Florida Pledges To Join Texas and Arizona In Busing Illegal Immigrants North to Delaware

Crist calls proposal by DeSantis ‘inhumane and a betrayal of our deepest values as Americans.’

AP/Eugene Garcia, file
A pair of migrant families pass through a gap in the border wall to reach the United States after crossing from Mexico to Yuma, Arizona. Record numbers of Cubans have been arriving at the border this year. AP/Eugene Garcia, file

State officials in Florida are suggesting that they may soon join Texas and Arizona and begin busing illegal immigrants in that state north to President Biden’s home state of Delaware.

Speaking on a Spanish-language radio program on Saturday, the Republican lieutenant governor of Florida, Jeanette Nuñez, called the wave of migrants arriving in Florida at the moment “worse” than the Mariel boatlift of 1980 that saw more than 125,000 Cubans land on South Florida’s shores in a matter of months.

“The Biden’s administration’s border policies aren’t affecting just the border states,” she said in an interview on WURN. “Even though we aren’t a border state, we are seeing an impact and we are going to continue seeing an impact.”

“The state doesn’t have jurisdiction over immigration, but we do have jurisdiction over the well-being of our residents and our communities,” said Ms. Nuñez, a daughter of Cuban exiles herself.  “That’s why the governor has worked with the legislature to secure funding to try and assure that those people who come here illegally … we are going to — quite frankly — send them to the state of Delaware.”

“To not do anything is not an option,” she added.

The comments raised eyebrows within South Florida’s powerful Cuban community, one of the most reliably Republican voting blocs in the country. A former Republican state lawmaker, Juan-Carlos Planas, called Ms. Nuñez’s comments “an insult to all the amazing families that I know that came through Mariel.”

Shame on her, Mr. Planas said on Twitter. “These Cubans that are coming are coming to work and live the dream that my parents lived.”

A professor at the University of Miami, Michael Bustamante, reacted to Ms. Nuñez’s comments with just one word: “Wow,” he said.

Democrats seeking to replace Governor DeSantis in November’s general election also blasted Ms. Nuñez’s comments as “wildly inappropriate.”

“Gov. DeSantis’s proposal to forcibly transport Cuban refugees out of Florida is reckless, inhumane and a betrayal of our deepest values as Americans,” Democratic congressman and gubernatorial candidate Charlie Crist said on Twitter Saturday. “They deserve better than to be treated as his political pawns to curry favor with the extremist base of the Republican Party.”

Agriculture Commissioner Nikki Fried, the other Democrat in the race, wrote, “Fleeing communism and tyranny to a state rich with family and culture only to be deported north by bus is cruel and wrong.”
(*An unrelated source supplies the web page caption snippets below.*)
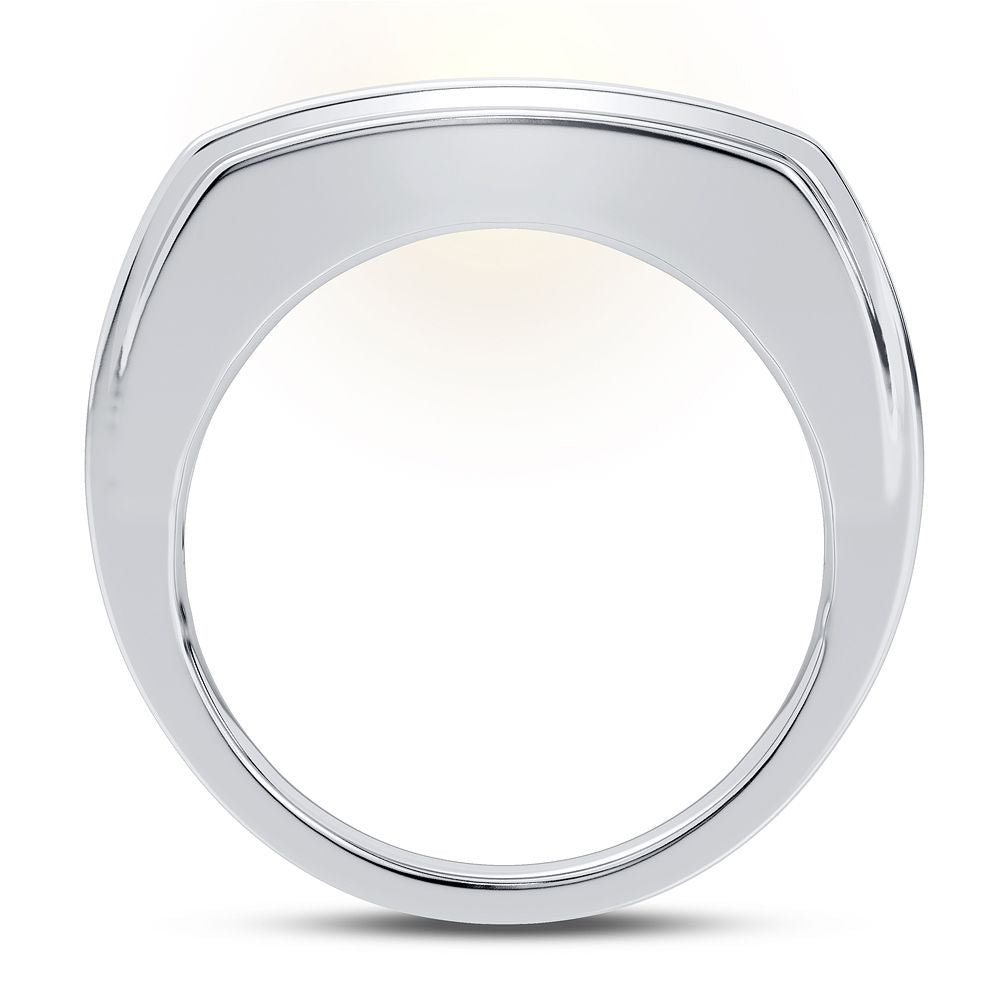 APP Cost Calculator: Software Dev, App Dev, IT 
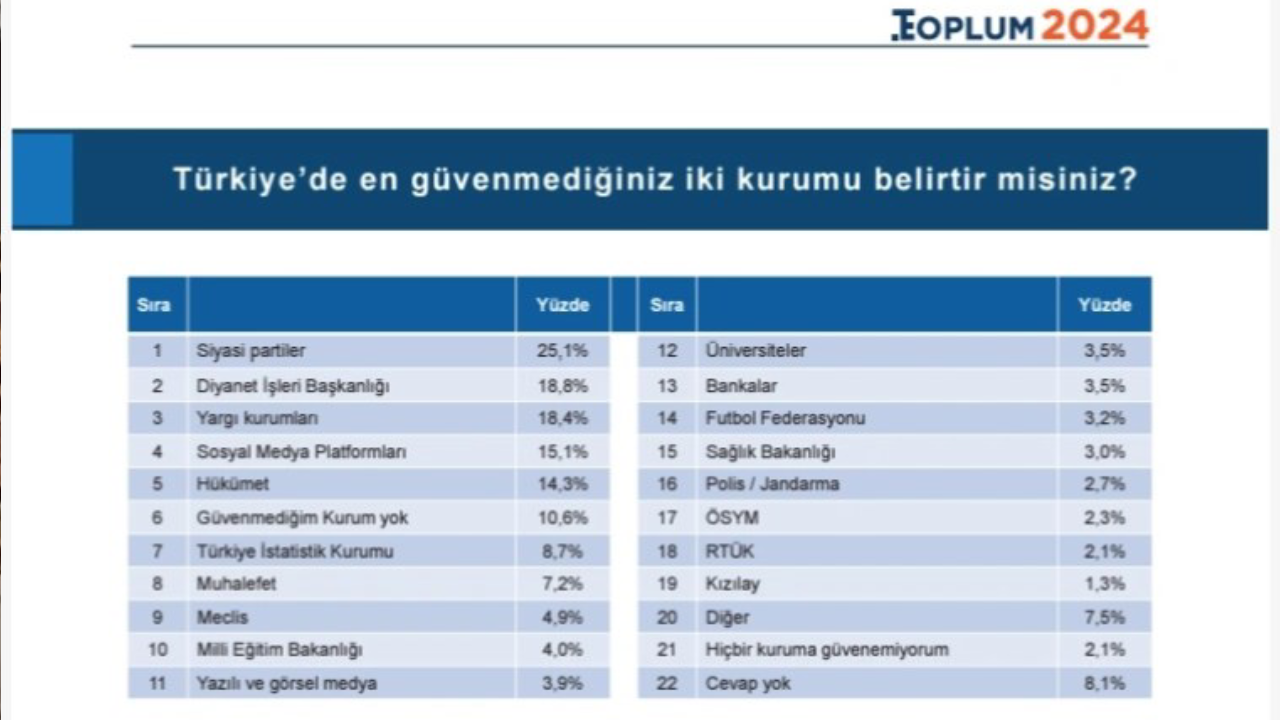 Toplum Çalışmaları Enstitüsü Araştırması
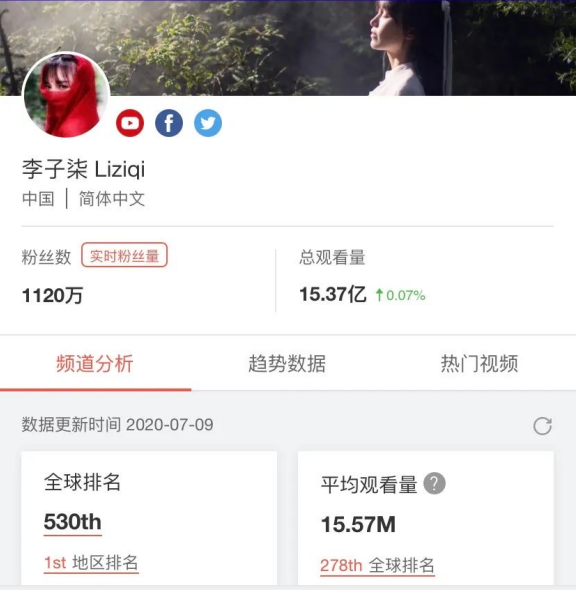 中国网红在YouTube爆火，靠的是什么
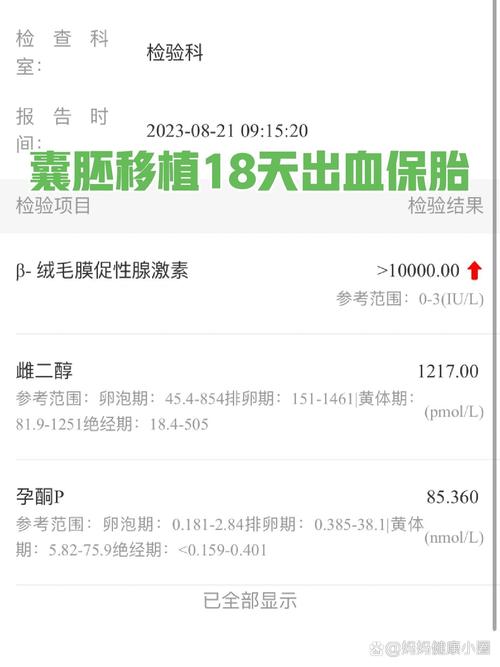 移植保胎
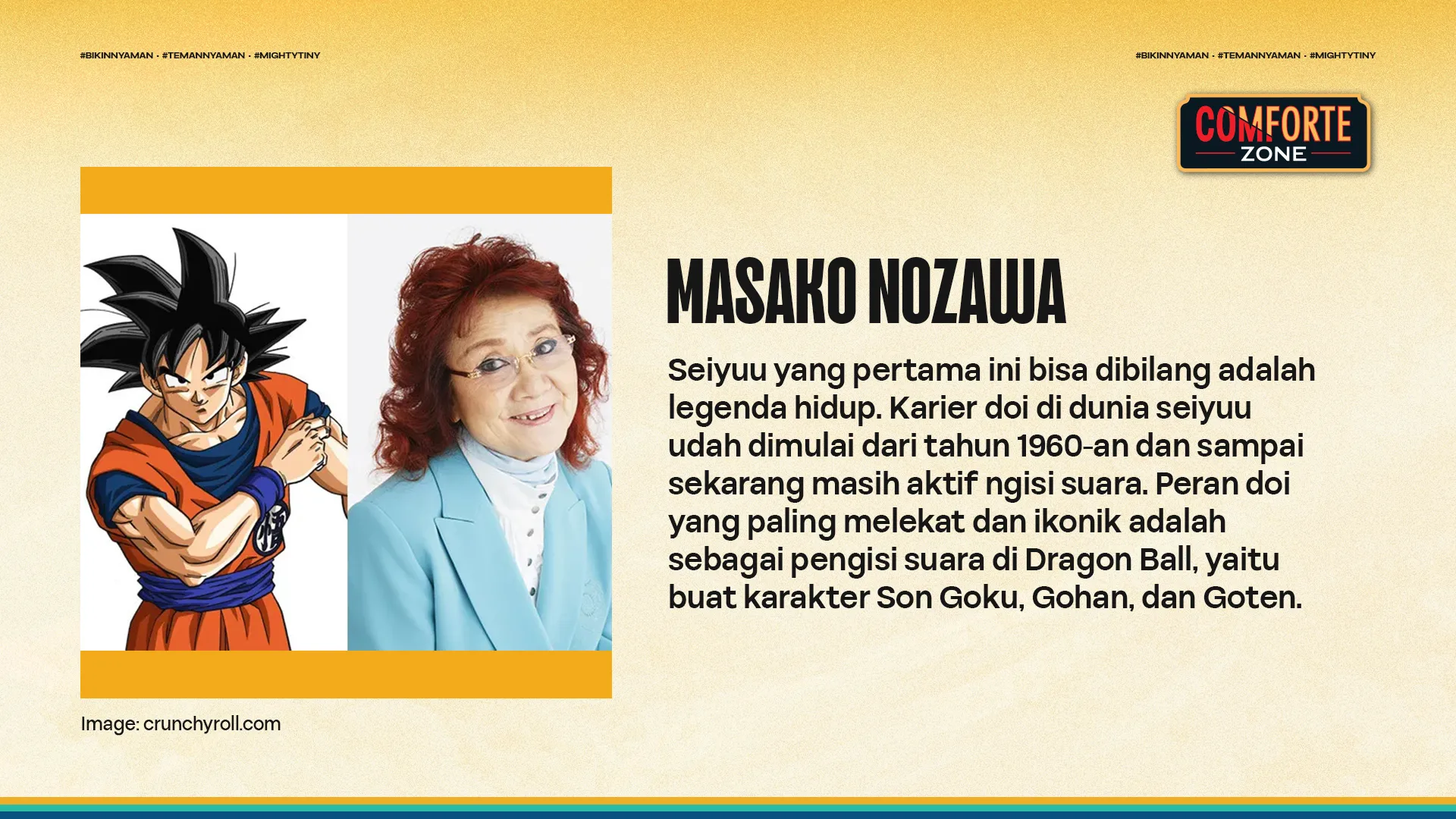 MASAKO NOZAWA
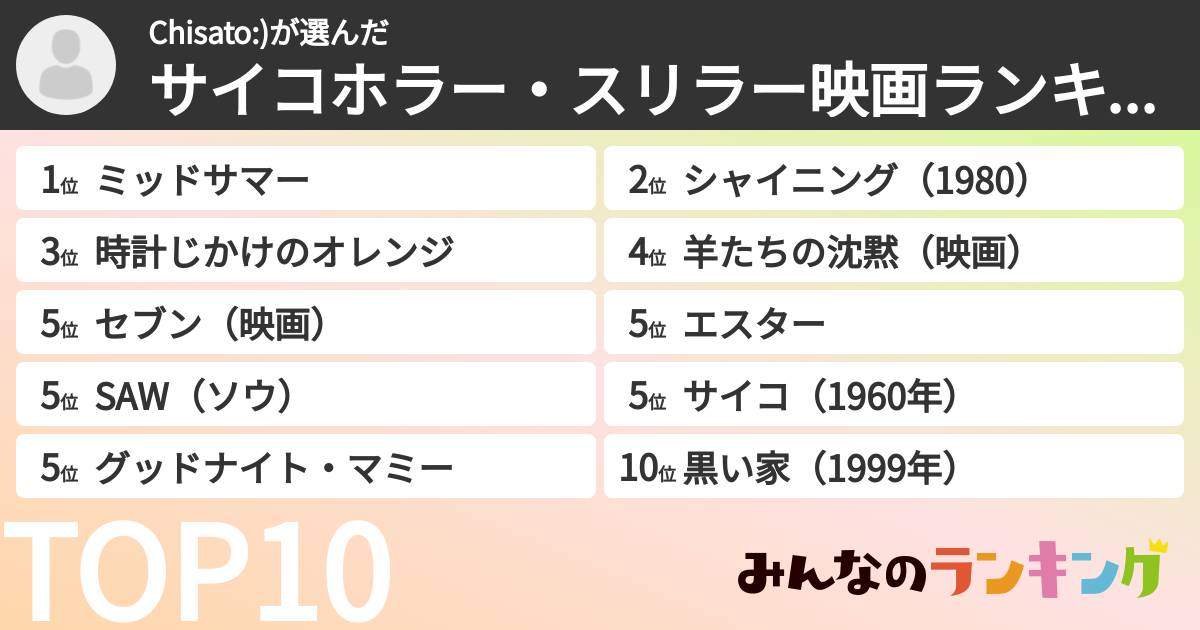 Chisato:)さんの「サイコホラー・スリラー映画ランキング」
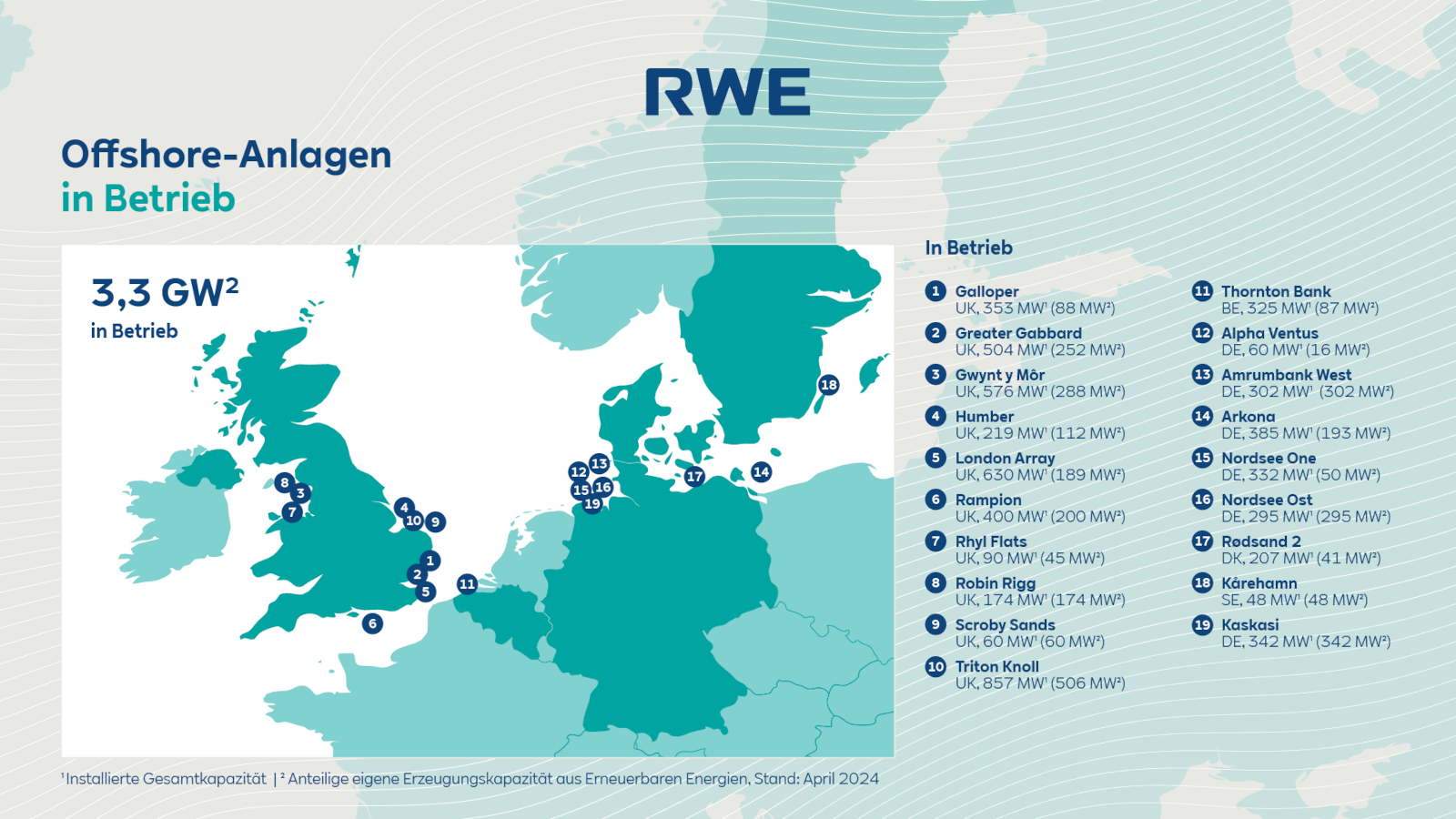 RWE Offshore Windanlagen in Betrieb
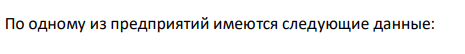 По одному из предприятий имеются следующие данные: 406 № п/п Показатель Период базисный текущий 1 Чистая продукция в сопоставимых ценах, тыс. руб. 42 500 56 200 2 Среднегодовая полная стоимость основных производственных фондов, тыс. руб. 6 120 6 250 3 Среднесписочная численность рабочих, чел. 150 160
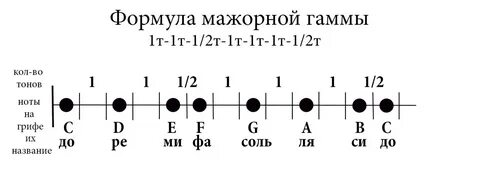Строение гаммы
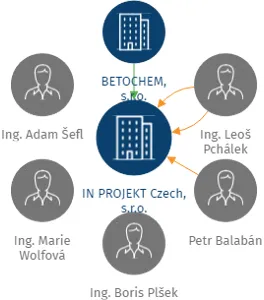 IN PROJEKT Czech, s.r.o., IČO: 27846407: vizualizace vztahů osob a společností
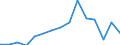 Exports 22213086 Plates, sheets, film, foil and strip, of non-cellular poly(vinyl butyral), amino-resins, phenolic resins or polymerisation products, not reinforced, laminated, supported or similarly combined with /in 1000 kg /Rep.Cnt: Estonia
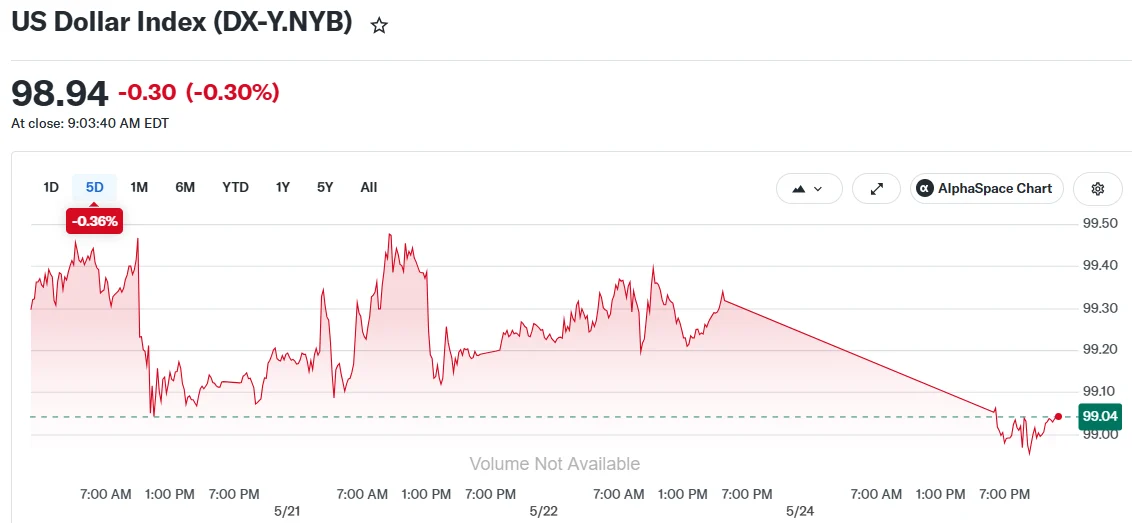 US Dollar Index (DX-Y.NYB)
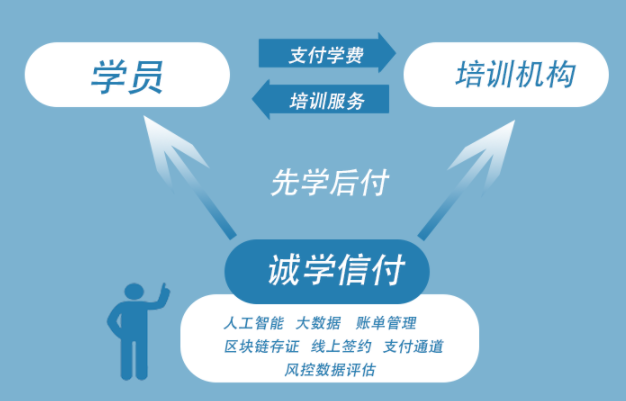 “螞蟻鏈租賃平臺、螞蟻鏈可信消費(fèi)與租賃平臺”合作開通聯(lián)系方式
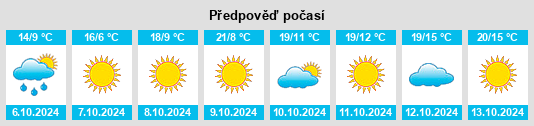 Weather outlook for the place Rush City na WeatherSunshine.com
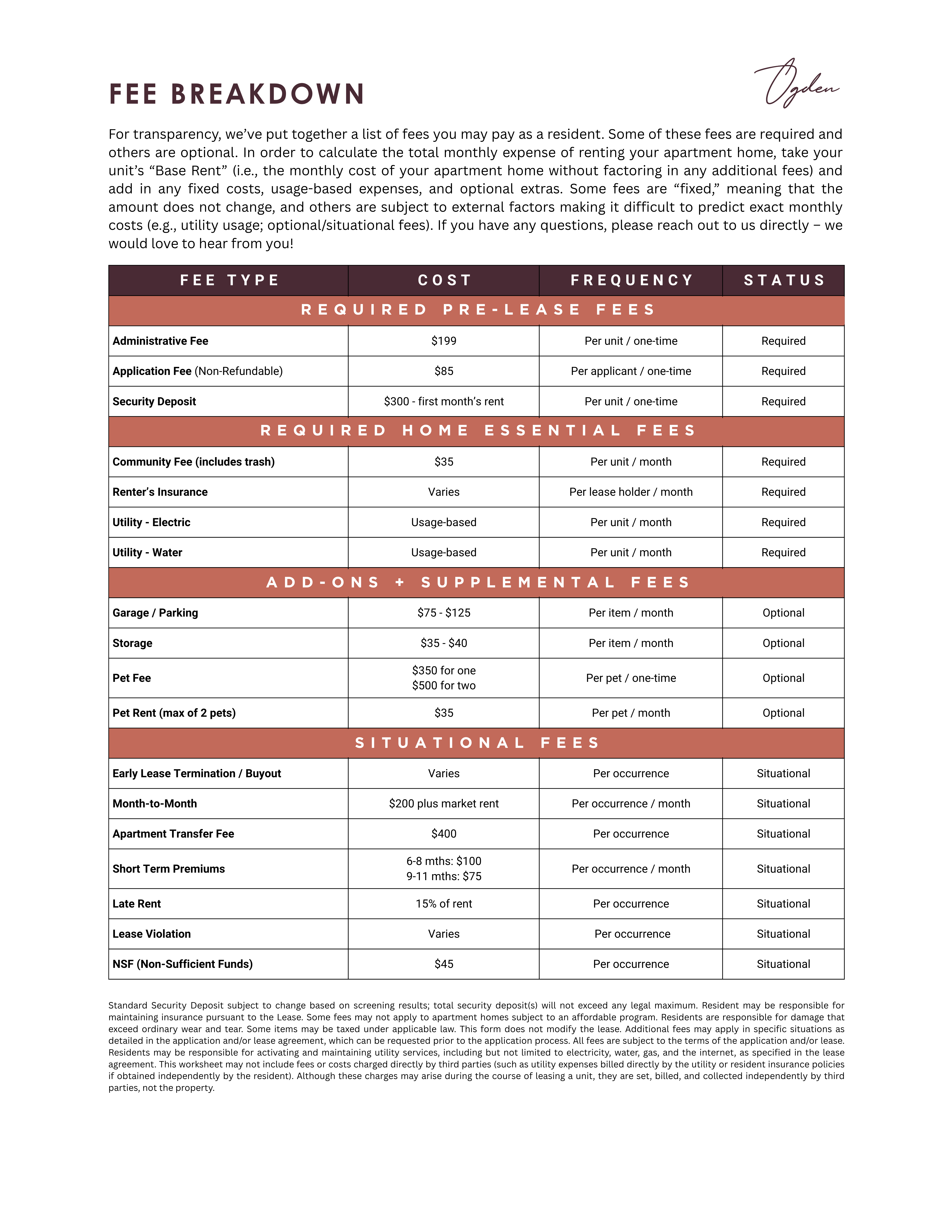 A fee breakdown document outlining various costs associated with residency, including required pre-lease fees, home essential fees, optional add-ons, and situational fees.
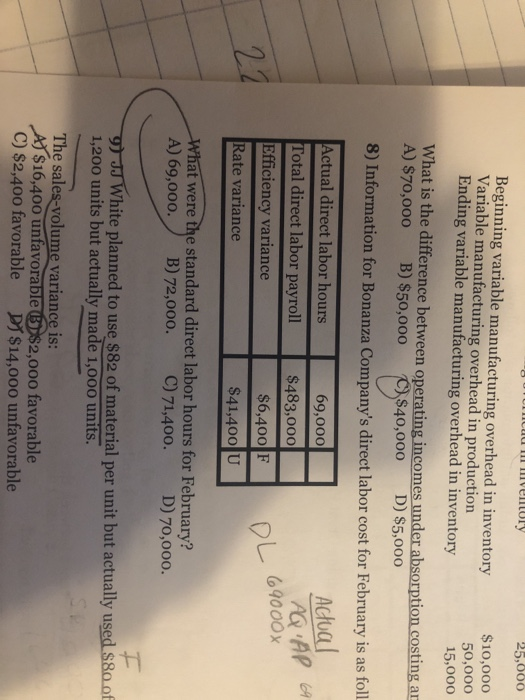  25,000 Beginning variable manufacturing overhead in inventory Variable manufacturing overhead in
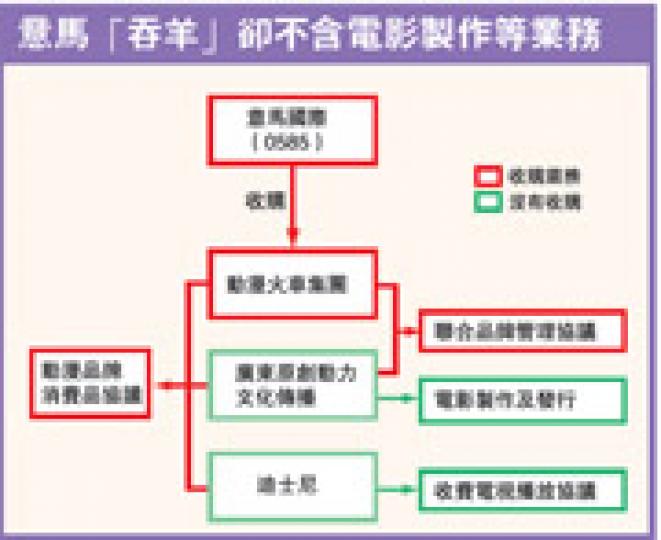 (明報製圖) (明報製圖)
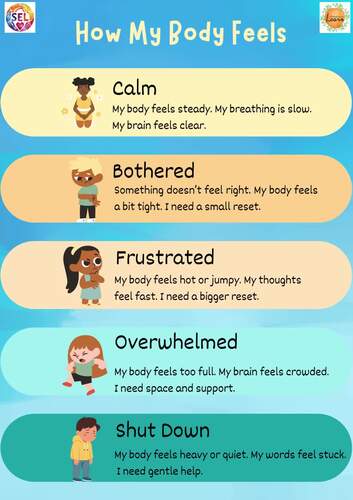Big Feelings Regulation Posters- Calm corner, classroom, everyday ...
The blowback prompted the spokeswoman for Mr. DeSantis’ campaign, Christina Pushaw, to clarify that only those migrants arriving illegally should be transported out of state, “no matter where they come from.”

“If someone came to Miami on a raft from Cuba to escape communist repression, that person is legal [because they are a] refugee,” Ms. Pushaw said on Twitter.

The governor of Texas, Greg Abbott, and his counterpart in Arizona, Doug Ducey, have made headlines in recent weeks by chartering buses to ferry some of the hundreds of thousands of asylum-seekers arriving at the U.S.-Mexico border to New York City and Washington, D.C. The Democratic mayors of those cities have asked for federal assistance to deal with the influx.

Record numbers of Cuban immigrants have been arriving in the United States this year, this time by land at the U.S.-Mexico border instead of by sea. The Border Patrol says that between the beginning of the fiscal year in October 2021 and the end of July, more than 180,000 Cubans have been processed at the border and released pending immigration hearings. Ms. Nuñez said the majority of those migrants — who enjoy preferential treatment by U.S. immigration authorities — intend to make their way to South Florida.

The current exodus, which dwarfs the Mariel boatlift and another wave in the mid-1990s, has been prompted by dire economic conditions on the island and a crackdown on dissent that began following a wave of protests last summer. Rolling blackouts, strict food rationing, and few job prospects have led to what Cuba observers have called a “stampede” out of the country. Many are fleeing to America via Nicaragua, which relaxed its visa requirements for Cuban nationals last year.